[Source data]
* * * *
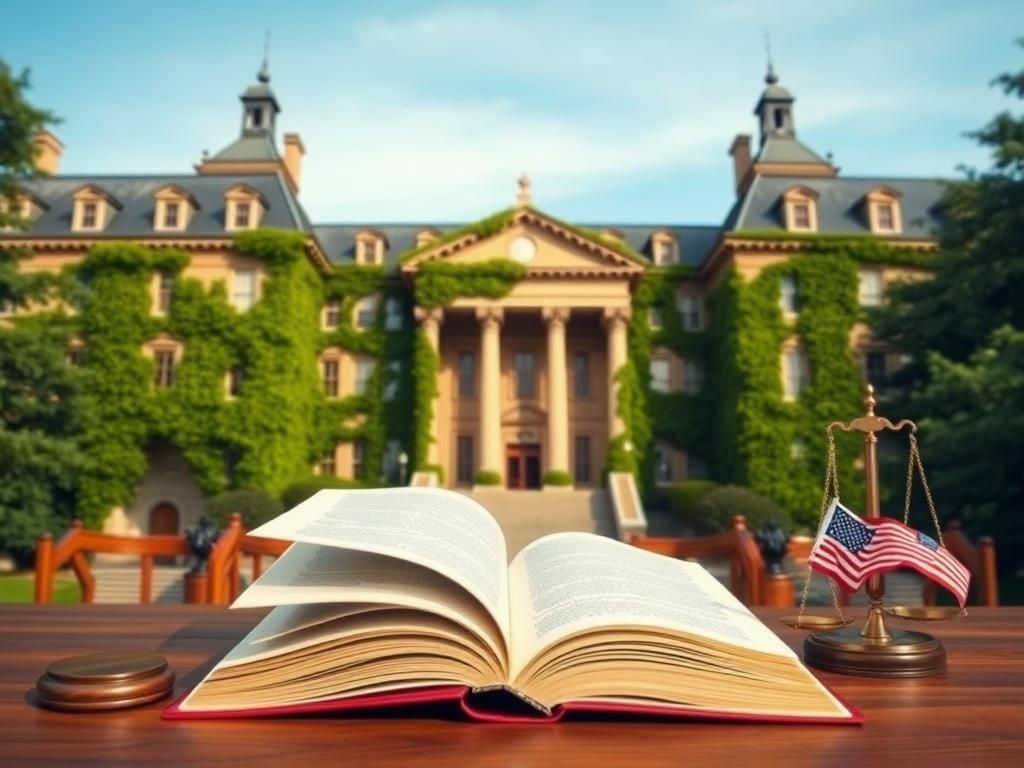 Flick International Ivy League university building with ivy-covered walls and a large open book on a wooden desk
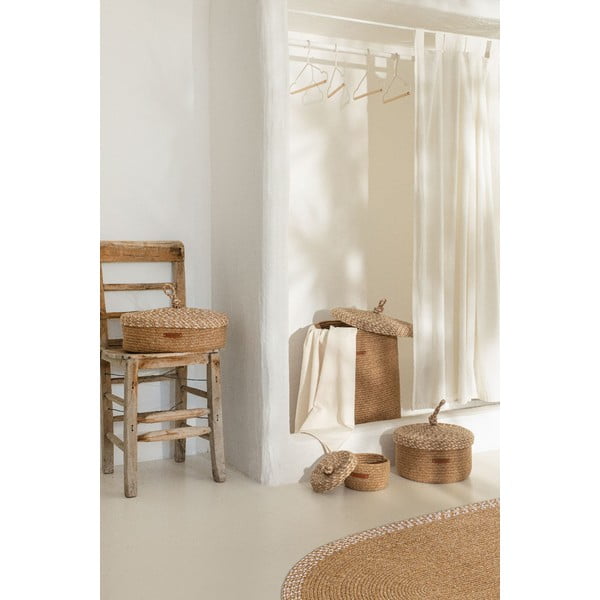 Scatola con coperchio beige in tessuto 36x45x50 cm – Mioli Decor-image-1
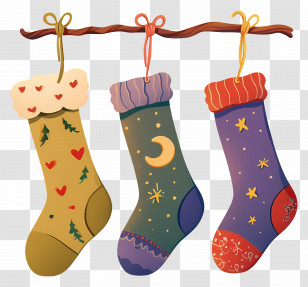 Christmas Socks On Hangers - Colorful Christmas Stockings Transparent PNG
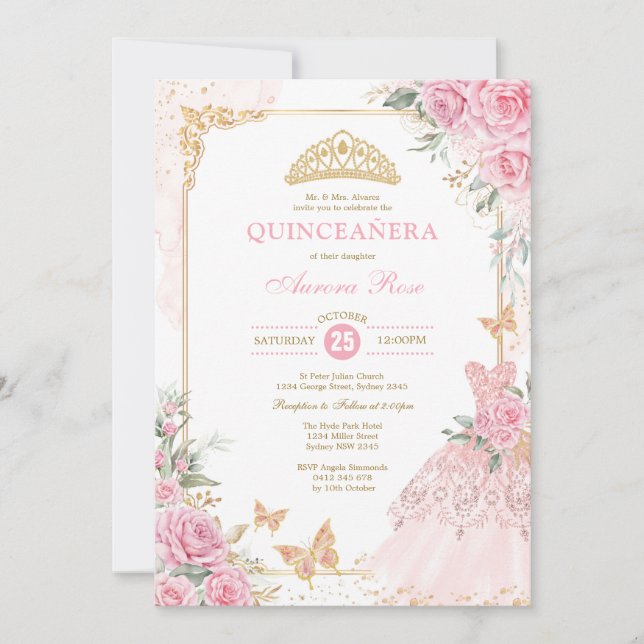 Chic Pink Roses Crown Princess Dress Quinceañera I Einladung (Vorderseite)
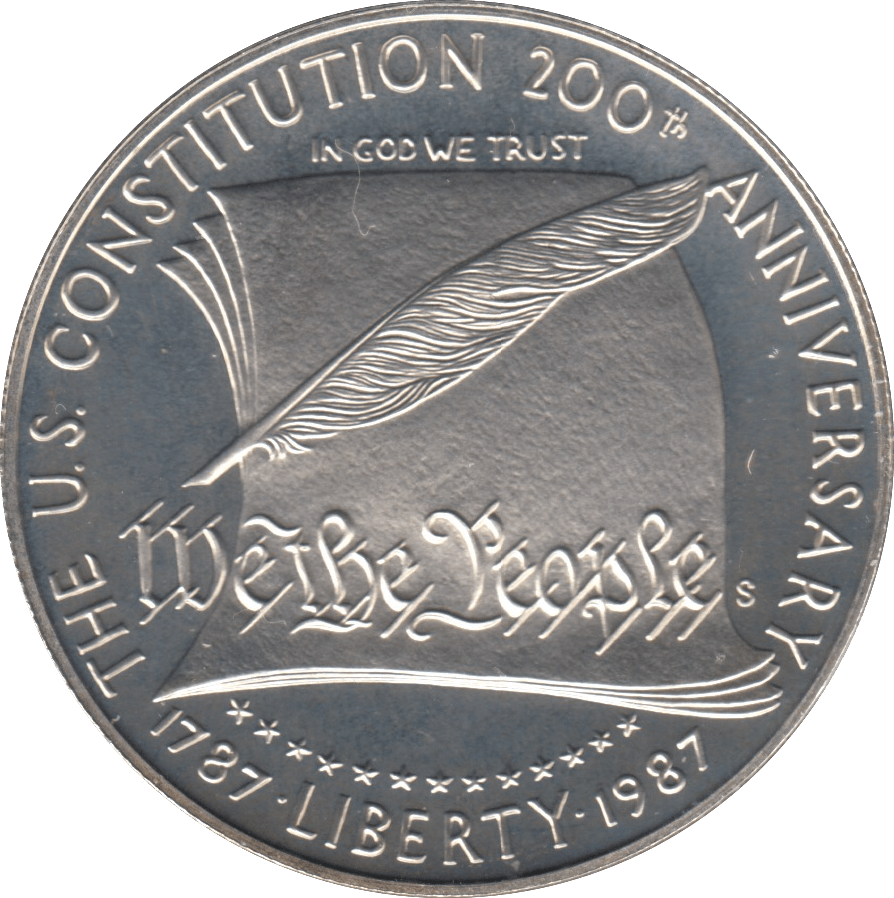 1987 SILVER PROOF DOLLAR US CONSTITUTION 200TH ANNIVERSARY USA - SILVER WORLD COINS - Cambridgeshire Coins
* * * *
## [Exercise description]
Include the first line of the records, the line containing "Chic Pink Roses", and every line between them, repeated exactly. Skip the pictures.

## [Solution to this task]
 Flick International Ivy League university building with ivy-covered walls and a large open book on a wooden desk
 Scatola con coperchio beige in tessuto 36x45x50 cm – Mioli Decor-image-1
 Christmas Socks On Hangers - Colorful Christmas Stockings Transparent PNG
 Chic Pink Roses Crown Princess Dress Quinceañera I Einladung (Vorderseite)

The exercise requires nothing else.